A 'stranglehold' on the data that could help explain political extremism
The advent of social media has led to a vast increase in the amount of social information that we see about others' political behaviour and this has important implications for democracy, argues Professor Helen Margetts in Nature Human Behaviour.
Professor Margetts, Director of the Oxford Internet Institute, says getting access to more data from Facebook, or the platforms it owns such as Instagram or WhatsApp, or other social media platforms is crucial to understand more about the underlying trends and patterns in future political behaviour. Yet Facebook has been reluctant to work with academic researchers or to publish research.

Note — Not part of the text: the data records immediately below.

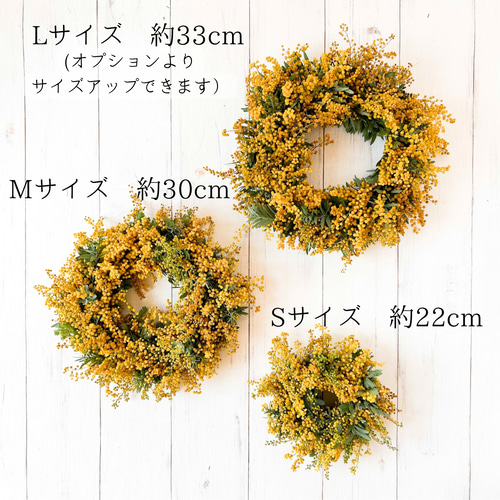 ミモザのフレッシュリース 30cm｜ 春のおしゃれなドライフラワーリース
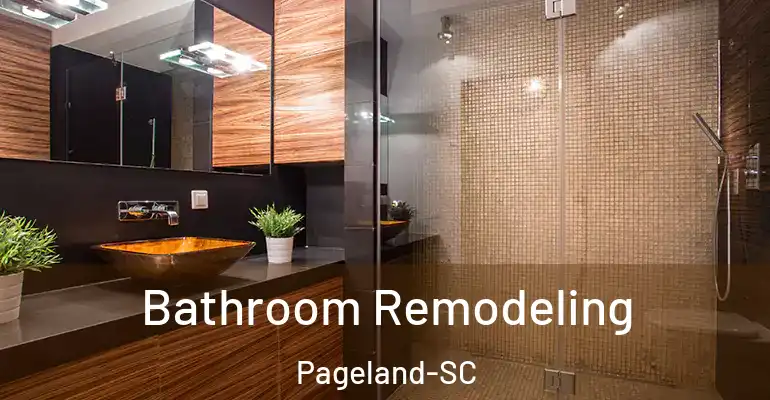 inner Bathroom imggen Bathroom Remodeling Pageland-SC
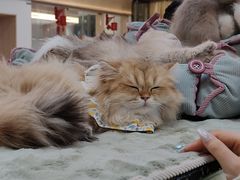 -万达广场(大明宫店)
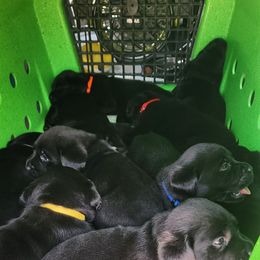 Labrador Retriever Puppies from Steele Caliber Retrievers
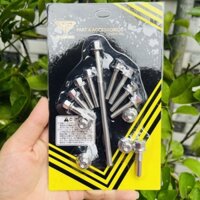 Bộ ốc đầu bò xe Dream - Fuled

Professor Margetts highlights why such data is 'crucial': Social media are not just for elections, she says. Social information presented on social media platforms plays a vital role as a driver of behaviour in the build-up of contemporary political mobilisations, or shifts in public support. But, she argues, we don't know enough about the nature of that effect. Instead, we lurch between moral panic about the pathological effect of social media on politics, and saying that it makes no difference at all and is not important.

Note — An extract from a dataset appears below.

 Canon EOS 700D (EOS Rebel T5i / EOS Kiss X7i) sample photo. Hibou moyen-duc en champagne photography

During the US 2016 presidential election period, around 128 million people across the United States generated 8.8 billion likes, posts, comments and shares related to the election on Facebook alone, says Professor Margetts. Since Donald Trump became president, US Twitter users can even witness the development of policy as it is formed or contested. Social media platforms exert social influence on all aspects of political behaviour, providing users with visible signals about what other people are doing or thinking. We know from decades of social science research that this social information influences whether or not an individual then contributes to a political or social cause, for example. But, Professor Margetts argues, 'instead of working out systematically how these effects play out on social media, we tend to blame them for echo chambers, hate speech, fake news and "post-truth."'
Professor Margetts suggests that experimental evidence could be used to understand how the design of social media platforms actually impacts upon political behaviour, to design out some social information effects and make the algorithms used to determine news feeds 'more transparent'. But most platforms do not release data and the algorithms that determine news feeds are closely guarded secrets. Prospects are even bleaker for platforms used by young people, such as Instagram and Snapchat, where most data is deleted as soon as it is read. Speculation over the existence of echo chambers, or how fake news is created, vastly outpaces any experimental studies of their existence, says Professor Margetts.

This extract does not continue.